Monday, July 25, 2011

Hamamelis mollis Chinese Witch Hazel

Found by European plant hunter Charles Maries he introduced this plant to England in 1879 and in 1918 the great plant collector E H Wilson introduced some more plants to grow from a different area of China. It is a native of the West Hubei and Kiangsi provinces and grows naturally in scrub and woodland from 1500m to 2500m.

Hamamelis (Greek for pear shaped fruit) is the principal genus of the family Hamamelidaceae which has 20 genera some of which are very hardy and some of which are subtropical. Hamamelis has six different species of which the best is Hamamelis mollis.

This handsome shrub can grow up to 3 metres high but is often less than that in gardens.
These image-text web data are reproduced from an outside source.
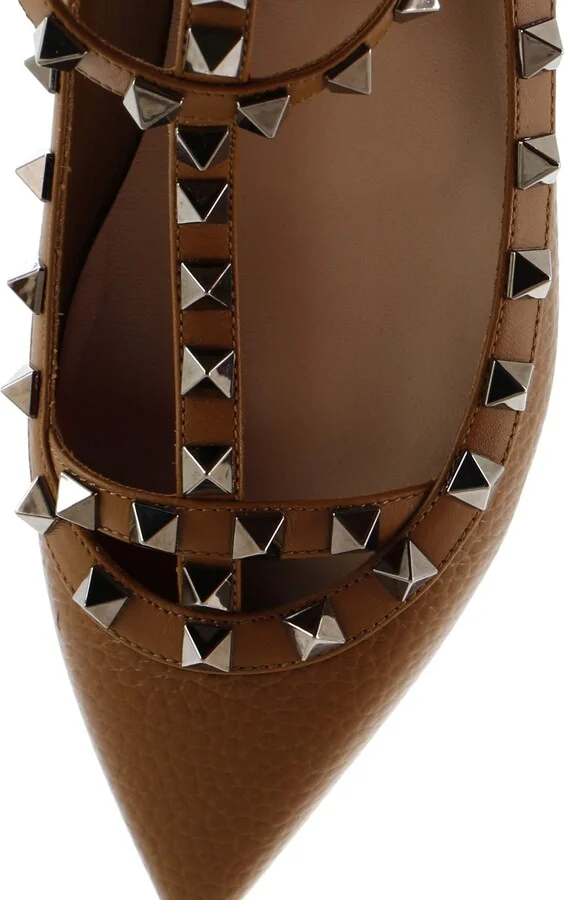 VALENTINO GARAVANI Women's Rockstud Caged Ballerina Flats Leather - Image 6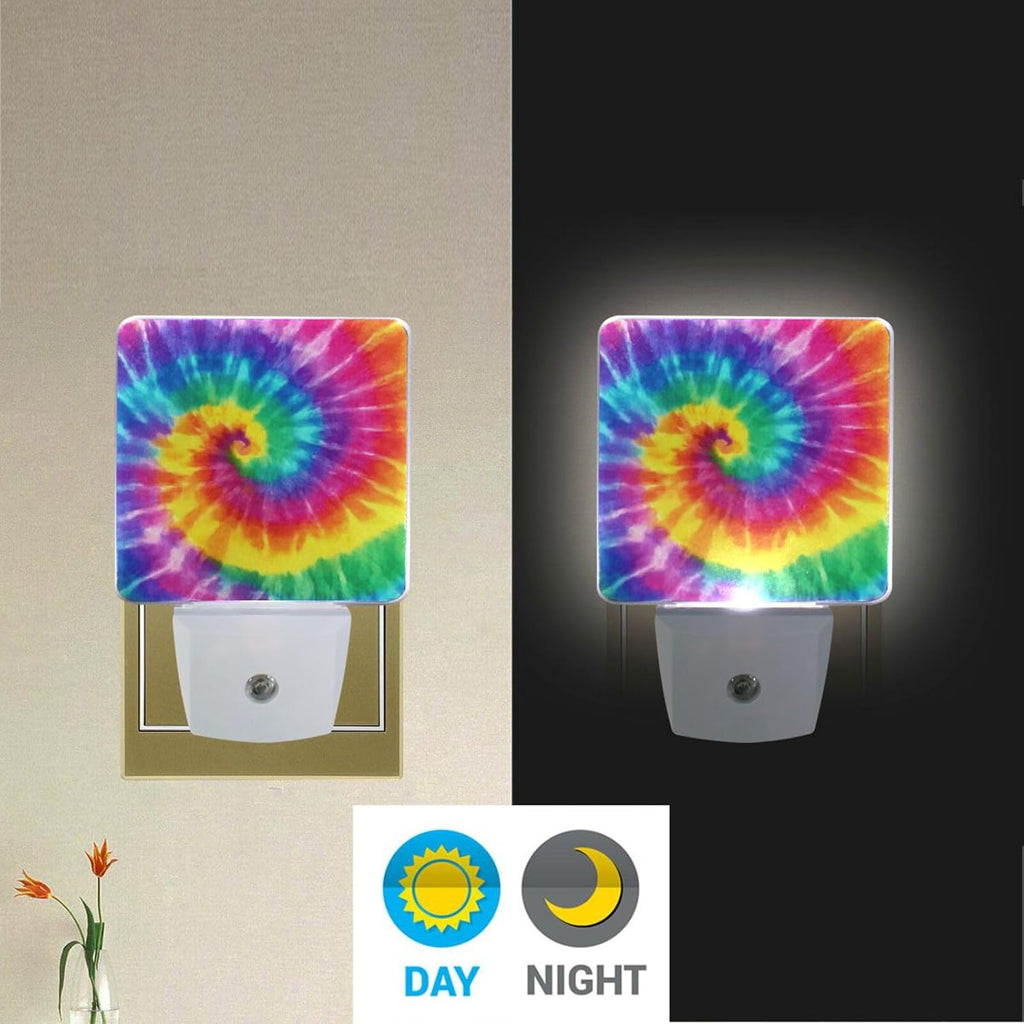Vdsrup Tie Dye Night Light Set of 2 Rainbow Spiral Plug in LED Nightlights Auto Dusk-to-Dawn Sensor Lamp for Bedroom Bathroom Kitchen Hallway Stairs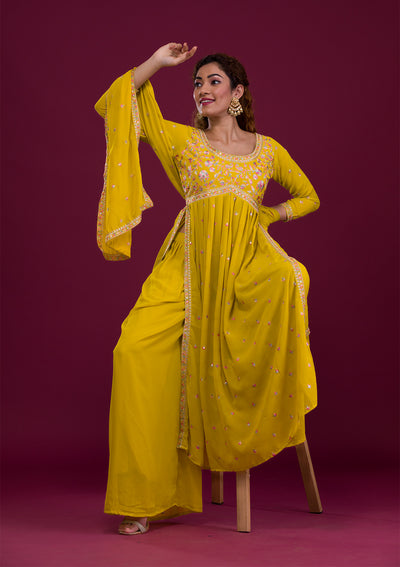Mustard Kashmiri Threadwork Georgette Readymade Salwar Suit-Koskii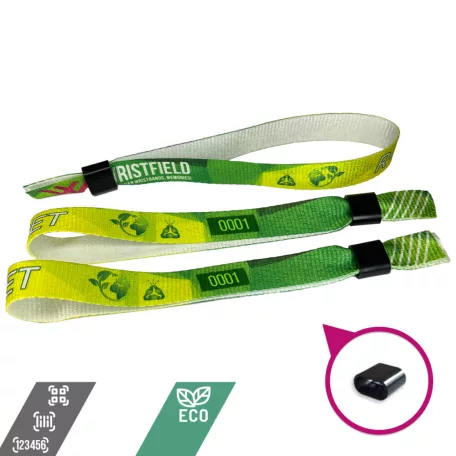 R-PET náramok (z recyklovaných PET fliaš, 15x340mm, s farebnou potlačou na jednej strane, variabilné údaje) - s plastovým krúžkom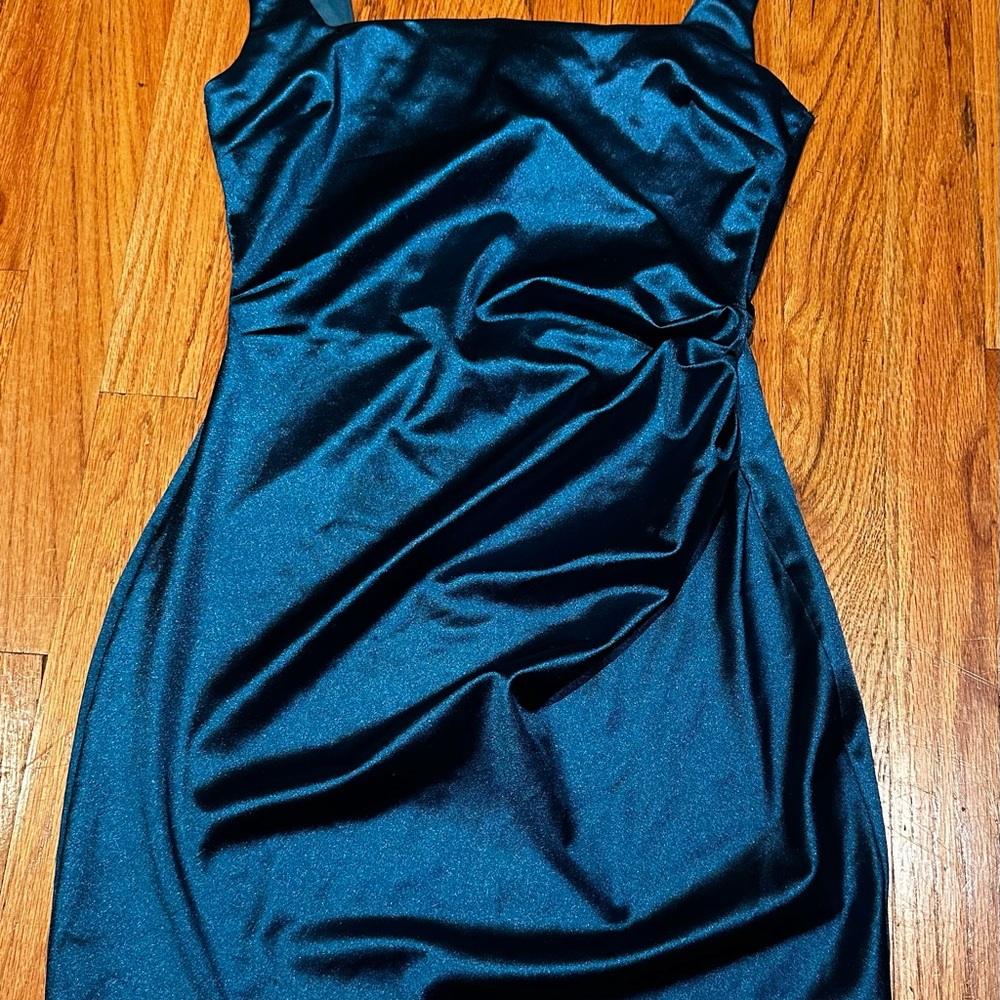 Windsor Teal Satin Mini Dress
It is highly valued as a winter flowering plant in colder climates even though it will grow quite well in warmer climates.

The golden yellow sweetly fragrant, flowers, which grow in small clusters, are made up of 4 separate narrow strap like petals arising from a maroon coloured base (receptacle) that can withstand frosts up to -20C. When grown from seed there is some variation in colour of the flowers. There are selected cultivars with different yellow coloured flowers or larger petals. It makes a great cut flower in winter.

As a shrub this is a very easy care plant, with its zig zag branchlets, it makes a great sight. The leaves are soft, hairy and are like a hazel nut leaf hence the name. They are evenly spaced along the branch and look very formal. In autumn they will turn a nice yellow. The branchlets have been used for water divining.

The only work that may need to be done occasionally is the removal of an odd branchlet to improve its shape.